Work leading up to project: POMC is expressed from a tightly tissue-restricted promoter active in the anterior pituitary a highly vascular organ that lies outside the blood brain barrier. Using a careful bio-informatic approach I have designed in house three unique short interfering RNAs (siRNAs), with homology to mouse and human genomes with no predicted off-target effects, that cause remarkably long-lived silencing of POMC in vitro: in AtT20 (mouse corticotrope) cells a single treatment reduced POMC mRNA (assessed by qPCR) by 95% at 24 h, and 80% at 10 days (P<0.001 and P<0.005), whilst secreted ACTH levels in the culture media were reduced by 56 and 80%, respectively (P<0.05). Specificity of effect has been established according to published guidelines, including siRNAs with 13 mismatched nucleotides having no effect, and constant expression of β-actin as a housekeeping gene. Delivery was achieved by lipid-based and novel nanopolymer technologies. Furthermore six siRNAs targeting the POMC promoter region reduced mRNA levels by 90 and 56% at 96 and 120 h respectively (P<0.0001 and P<0.001) without de novo methylation, as assessed by bisulphite sequencing. Following ethical approval I have then established a pituitary culture methodology and then used these siRNAs in human pituitary tumour cells from patients undergoing pituitary surgery. Cultured ex vivo, corticotrope cells demonstrated 40% knockdown of ACTH secretion after a single SiRNA treatment, but there was no effects on other pituitary hormones in prolactin or growth hormone-secreting tumours cultured in the same fashion. I have then tested these siRNAs in vivo, using a validated mouse model of Cushings syndrome with AtT20 cell tumours grown as subcutaneous xenografts in nude mice, and shown a 40% fall in high levels of circulating ACTH up to six days after a single systemic administration of the siRNAs by tail vein injection.

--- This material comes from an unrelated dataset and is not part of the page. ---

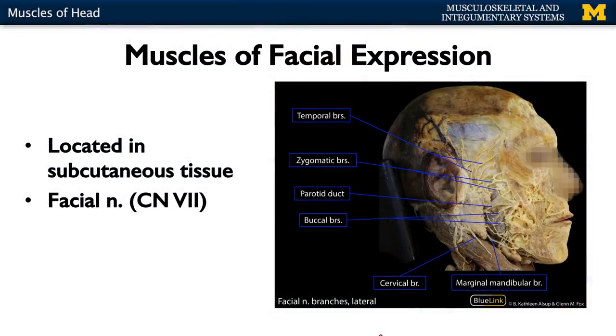We have quite a few unique divisions of skeletal muscle within the head. We're going to start with one we're probably most familiar with: muscles of facial expression. What's unique about these muscles is that they're located within subcutaneous tissue — within the fat. They're attached to bone and fascia, but their distal attachments are always on the skin. When the muscles contract, they pull the skin and allow us to express emotions — to smile, frown, tense up, et cetera.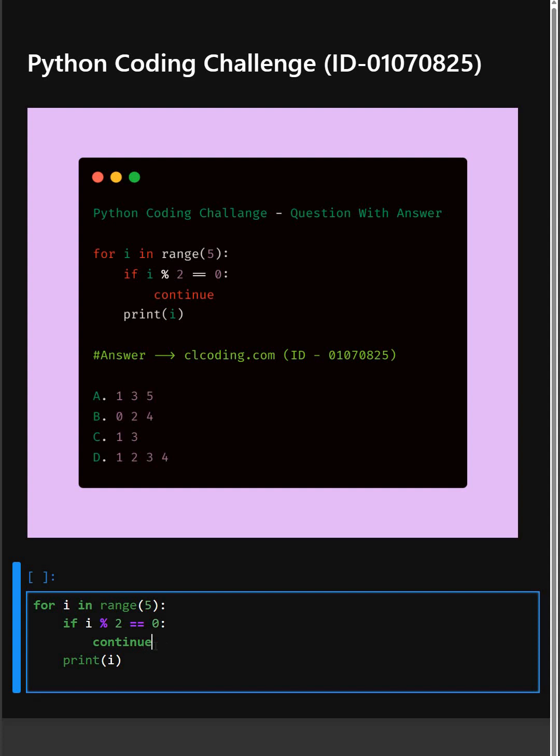Then in the continue statement, if the number is even, the continue statement skips the rest of the loop of that iteration and moves on to the next number.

Conclusions: I have shown, for the first time, significant reduction of secreted ACTH levels caused by siRNAs administered to human corticotrophe cells in vitro, and when administered systemically in an in vivo model of Cushings disease. These data support the hypothesis that these siRNAs could be translated into a novel, effective and long-lasting therapy for Cushings disease. Further in vivo experiments are in progress.
Note: The above abstract does not appear in the print version of the abstract book.